===== Dataset
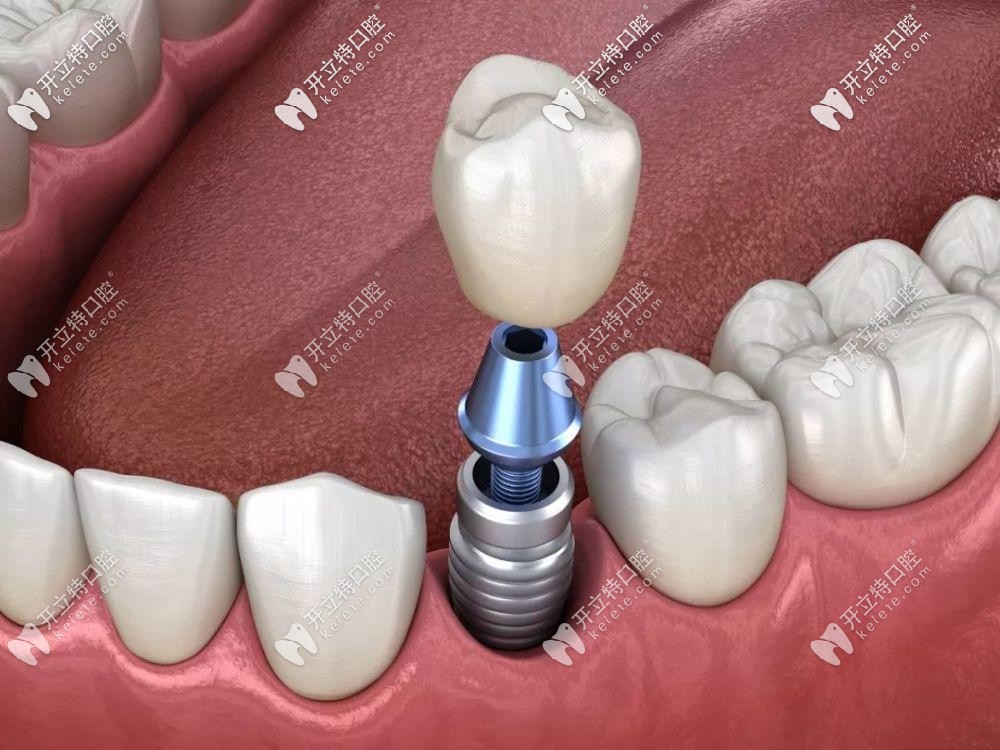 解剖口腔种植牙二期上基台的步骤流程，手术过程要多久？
==========
===== Dataset
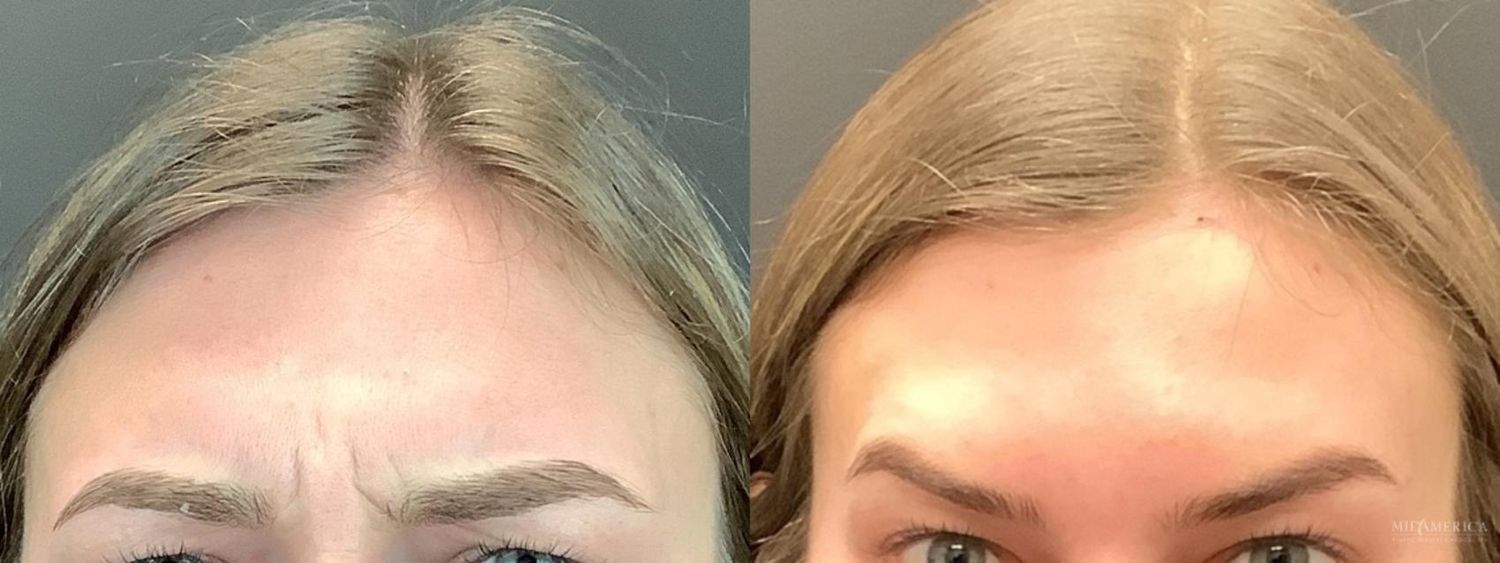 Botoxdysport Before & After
==========
===== Dataset
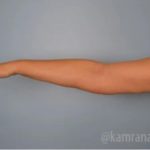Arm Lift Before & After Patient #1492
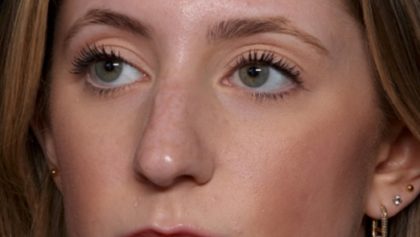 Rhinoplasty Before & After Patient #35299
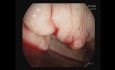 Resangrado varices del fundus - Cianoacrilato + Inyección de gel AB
==========
#### Task description
Among the entries above, locate the line with "Rhinoplasty Before & After Patient #35299" and the line with "Resangrado varices del". Give those two lines and all lines between them again, exactly, leaving out the pictures.

#### Solution for this problem
 Rhinoplasty Before & After Patient #35299
 Resangrado varices del fundus - Cianoacrilato + Inyección de gel AB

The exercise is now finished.